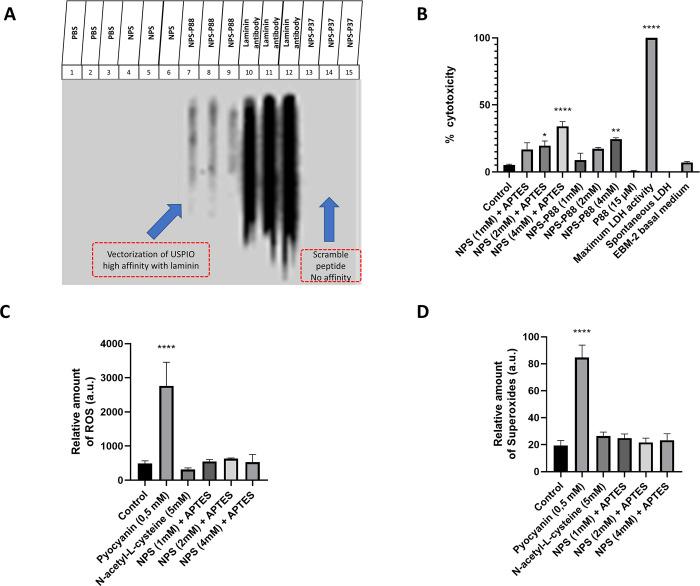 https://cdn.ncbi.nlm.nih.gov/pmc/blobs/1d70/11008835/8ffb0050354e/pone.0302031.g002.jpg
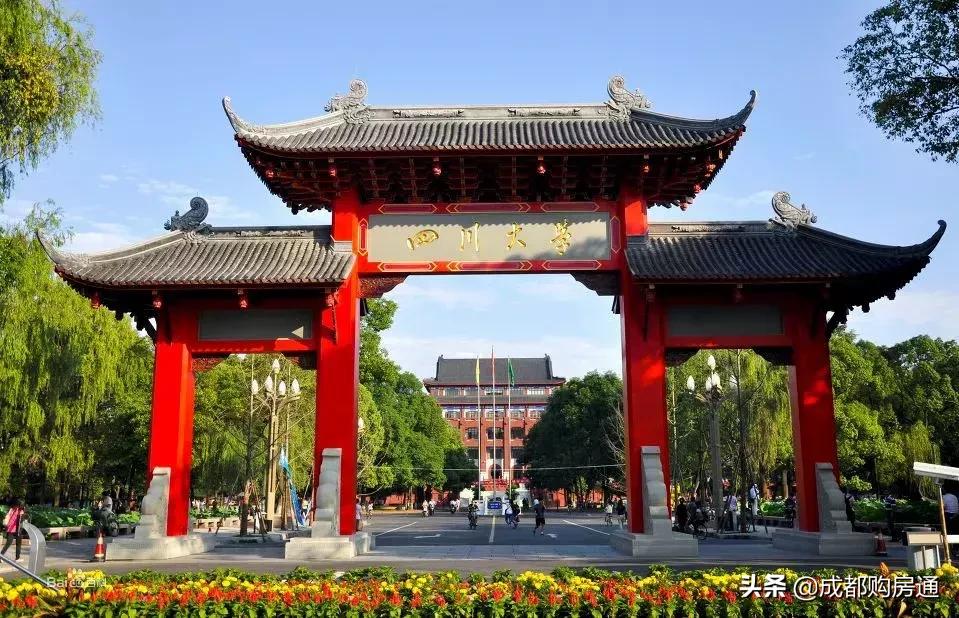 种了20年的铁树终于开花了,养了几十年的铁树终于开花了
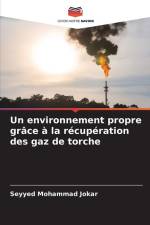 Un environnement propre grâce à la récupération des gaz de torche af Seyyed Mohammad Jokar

TASK DETAILS | In your copy of the material, every word must match and no image should appear.

SOLUTION BELOW |
 https://cdn.ncbi.nlm.nih.gov/pmc/blobs/1d70/11008835/8ffb0050354e/pone.0302031.g002.jpg
 种了20年的铁树终于开花了,养了几十年的铁树终于开花了
 Un environnement propre grâce à la récupération des gaz de torche af Seyyed Mohammad Jokar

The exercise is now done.